* **AIM OF THE TASK**
Nothing but an exact repetition of the entries should appear in the answer.

START SOURCE MATERIAL

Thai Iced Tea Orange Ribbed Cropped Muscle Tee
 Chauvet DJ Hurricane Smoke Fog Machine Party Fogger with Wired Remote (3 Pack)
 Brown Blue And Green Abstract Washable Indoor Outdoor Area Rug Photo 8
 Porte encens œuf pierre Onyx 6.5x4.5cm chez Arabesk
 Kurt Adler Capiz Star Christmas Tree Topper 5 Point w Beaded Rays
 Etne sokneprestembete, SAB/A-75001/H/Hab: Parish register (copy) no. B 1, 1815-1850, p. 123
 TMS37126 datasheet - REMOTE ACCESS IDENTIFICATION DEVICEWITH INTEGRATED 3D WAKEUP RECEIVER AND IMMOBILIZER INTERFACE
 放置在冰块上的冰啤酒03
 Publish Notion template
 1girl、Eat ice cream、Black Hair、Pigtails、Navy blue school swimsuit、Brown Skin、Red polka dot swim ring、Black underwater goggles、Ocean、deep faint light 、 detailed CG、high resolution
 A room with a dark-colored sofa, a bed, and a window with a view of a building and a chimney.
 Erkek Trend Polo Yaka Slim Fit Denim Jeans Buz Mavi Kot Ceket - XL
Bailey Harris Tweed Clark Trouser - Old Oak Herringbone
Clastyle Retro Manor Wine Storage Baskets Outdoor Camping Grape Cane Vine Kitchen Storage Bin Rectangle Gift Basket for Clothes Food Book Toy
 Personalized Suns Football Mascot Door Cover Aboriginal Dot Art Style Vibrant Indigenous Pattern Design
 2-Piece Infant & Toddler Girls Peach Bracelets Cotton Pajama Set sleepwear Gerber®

END SOURCE MATERIAL

* **WRITTEN REPLY**
Thai Iced Tea Orange Ribbed Cropped Muscle Tee
 Chauvet DJ Hurricane Smoke Fog Machine Party Fogger with Wired Remote (3 Pack)
 Brown Blue And Green Abstract Washable Indoor Outdoor Area Rug Photo 8
 Porte encens œuf pierre Onyx 6.5x4.5cm chez Arabesk
 Kurt Adler Capiz Star Christmas Tree Topper 5 Point w Beaded Rays
 Etne sokneprestembete, SAB/A-75001/H/Hab: Parish register (copy) no. B 1, 1815-1850, p. 123
 TMS37126 datasheet - REMOTE ACCESS IDENTIFICATION DEVICEWITH INTEGRATED 3D WAKEUP RECEIVER AND IMMOBILIZER INTERFACE
 放置在冰块上的冰啤酒03
 Publish Notion template
 1girl、Eat ice cream、Black Hair、Pigtails、Navy blue school swimsuit、Brown Skin、Red polka dot swim ring、Black underwater goggles、Ocean、deep faint light 、 detailed CG、high resolution
 A room with a dark-colored sofa, a bed, and a window with a view of a building and a chimney.
 Erkek Trend Polo Yaka Slim Fit Denim Jeans Buz Mavi Kot Ceket - XL
Bailey Harris Tweed Clark Trouser - Old Oak Herringbone
Clastyle Retro Manor Wine Storage Baskets Outdoor Camping Grape Cane Vine Kitchen Storage Bin Rectangle Gift Basket for Clothes Food Book Toy
 Personalized Suns Football Mascot Door Cover Aboriginal Dot Art Style Vibrant Indigenous Pattern Design
 2-Piece Infant & Toddler Girls Peach Bracelets Cotton Pajama Set sleepwear Gerber®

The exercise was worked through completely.